Afterward, the son, Dickey, struggled to deal with his father’s killing. Being 14 is difficult enough, and Dickey’s anguish left him unable to find peace.
He tried to immerse himself in sports, at which his father had excelled, but quit in frustration. He alternately withdrew and rebelled, bounded from one crisis to the next, and threatened to run away from home. He alienated most of his friends, and at one point, contemplated suicide.
By the time he was 16, Dickey returned to the church, which he had abandoned after the murder. He recalled that he had a “spiritual awakening” that allowed him to accept the loss of his father and put his life back together.
A decade later, G. Richard Hoard entered the ministry. Today, he is pastor of the Oconee River Wesleyan Church in Watkinsville, Georgia.
Over the years, Hoard taught literature and composition in high school and speech communications in college. He also wrote two fiction novels.

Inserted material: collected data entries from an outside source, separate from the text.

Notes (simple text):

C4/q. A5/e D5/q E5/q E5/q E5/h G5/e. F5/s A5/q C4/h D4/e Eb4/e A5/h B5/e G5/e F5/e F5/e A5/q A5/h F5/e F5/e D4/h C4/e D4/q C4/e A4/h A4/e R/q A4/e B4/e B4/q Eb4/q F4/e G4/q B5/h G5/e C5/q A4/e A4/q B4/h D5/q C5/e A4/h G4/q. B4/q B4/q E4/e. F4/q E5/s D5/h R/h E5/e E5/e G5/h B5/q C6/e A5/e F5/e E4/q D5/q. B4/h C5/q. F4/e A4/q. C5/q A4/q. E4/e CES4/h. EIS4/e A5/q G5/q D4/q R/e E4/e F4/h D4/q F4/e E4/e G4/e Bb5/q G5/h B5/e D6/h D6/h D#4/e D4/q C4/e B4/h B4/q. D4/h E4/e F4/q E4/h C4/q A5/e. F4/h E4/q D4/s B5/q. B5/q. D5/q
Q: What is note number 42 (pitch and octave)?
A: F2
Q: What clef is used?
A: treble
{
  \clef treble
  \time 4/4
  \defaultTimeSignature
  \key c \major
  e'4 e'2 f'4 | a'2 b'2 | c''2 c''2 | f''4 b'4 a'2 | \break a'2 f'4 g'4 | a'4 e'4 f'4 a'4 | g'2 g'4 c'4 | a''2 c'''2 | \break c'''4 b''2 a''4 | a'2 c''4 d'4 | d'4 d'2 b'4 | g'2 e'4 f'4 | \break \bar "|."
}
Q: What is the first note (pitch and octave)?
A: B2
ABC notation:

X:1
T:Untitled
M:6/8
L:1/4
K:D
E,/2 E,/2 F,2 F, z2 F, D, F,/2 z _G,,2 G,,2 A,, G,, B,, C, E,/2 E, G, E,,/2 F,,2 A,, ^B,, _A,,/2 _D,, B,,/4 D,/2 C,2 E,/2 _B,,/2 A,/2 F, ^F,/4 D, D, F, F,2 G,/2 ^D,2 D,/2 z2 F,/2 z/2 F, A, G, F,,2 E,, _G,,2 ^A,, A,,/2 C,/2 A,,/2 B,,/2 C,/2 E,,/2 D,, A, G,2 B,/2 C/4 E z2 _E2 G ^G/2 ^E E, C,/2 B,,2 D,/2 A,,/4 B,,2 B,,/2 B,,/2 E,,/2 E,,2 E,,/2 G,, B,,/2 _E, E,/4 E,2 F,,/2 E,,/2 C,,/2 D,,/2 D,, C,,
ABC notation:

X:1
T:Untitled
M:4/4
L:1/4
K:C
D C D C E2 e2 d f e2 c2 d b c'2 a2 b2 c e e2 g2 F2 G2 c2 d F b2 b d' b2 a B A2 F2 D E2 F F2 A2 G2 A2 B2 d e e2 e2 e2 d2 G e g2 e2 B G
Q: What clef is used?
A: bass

But Hoard’s best known book was 1994’s Alone Among the Living: A Memoir of the Floyd Hoard Murder. The book documents the key events of the murder and follows the author’s life forward.
The book begins, “When I was twenty I came face to face with the old man convicted of paying five thousand dollars for the murder of my father.”
How did that encounter go? In a recent interview, Hoard said, “I didn’t care for that man. But the hatred I felt was less intense and was released in some way.”
Good evidence that forgiveness works in two directions.

Tribute to Hoard at the old county courthouse in Jefferson.